Monster’s Failure: Too Much Change and Fragmentation

Monster once dominated the online recruitment space — and its founders once headlined our conferences on local innovation. But it has been sliding for years. The company is now poised to be sold to Randstad, a Swiss HR firm for around $429 Million, or a fraction of its $6 billion valuation 10 years ago.

We haven’t closely followed recruitment since the early 2000s. Recruitment advertising, of course, had once been a pillar of the newspaper industry – one of the “Big 3” classifieds, alongside auto and real estate. But that was before recruitment outgrew local boundaries and became a major tech battle-zone driven by semantic search-and-match job listings, mapping and communities of interest.

A growing part of the market has moved to niche specialties, such as trade associations and special interest groups. At the same time, relocation, job fairs and ancillary verticals such as vocational education proved less important than once thought.

For the past 10 years or more, the job boards — Monster, CareerBuilder, Indeed — muddled through all these trends. On the competitive front, however, they also had to contend with the rise of job ad aggregation, candidate profile aggregation, and a loss of market share to niche specialists. More impactful was the rise of social media as a DIY alternative, particularly LinkedIn.

All of this caused the job boards share of the market to slip precariously. Partially, this is because their effectiveness has diminished rapidly. The Aberdeen Group noted in recent research that the job boards are delivering too many candidates, and less than 10 percent of them even match the qualifications in the job description.

Regarding Monster’s specific decline, the analysts that follow the industry (i.e. AIMGroup) cite years of poor management, bad execution and a one-dimensional and short-sighted, sales- driven culture.

Is it just Monster? Probably not. Careerbuilder, Indeed and other job boards aren’t doing much better. What we have here is a case study for an industry that has moved inexpertly in too many directions at once; lost its core; and ultimately, lost touch with customers.
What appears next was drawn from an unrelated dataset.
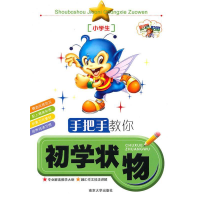 正版新书]手把手教你初学状物刘双权9787305074264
One thought on “Monster’s Failure: Too Much Change and Fragmentation

  1. Here’s a good comment that came into LinkedIn from longtime local media leader Dane Madsen:

    Peter – Great observation. Adding to this, as a consumer of job board services from both sides of the desk, the actual product degraded as a contributor of the demise. As an employer, the candidates (as you noted) were not good matches including basic issues of geography and required skills with little ability to filter the applicants (even in Linked In – a major failure for us). As a job seeker, the boards deliver useless leads to the user. In my case, setting aside that most of these roles have been filled prior to hitting the boards, while I was interested in CxO roles, among the 5 to 10 (usually only 3 discrete roles) close matches, hundreds of near but far matches, I get 50 to 100 “leads” per week that “perfectly match” my “skills and accomplishments” – for Executive Assistant (yes, I get the machine match to “to the CEO” as the trigger). That being the case, and my uncontrollable need to tinker, I could not refine the searches to any real extent and further, could not get a response from any of the services that had any interest in improving results. Ultimately, they handed Linked In the dominant role, but through self inflicted wounds.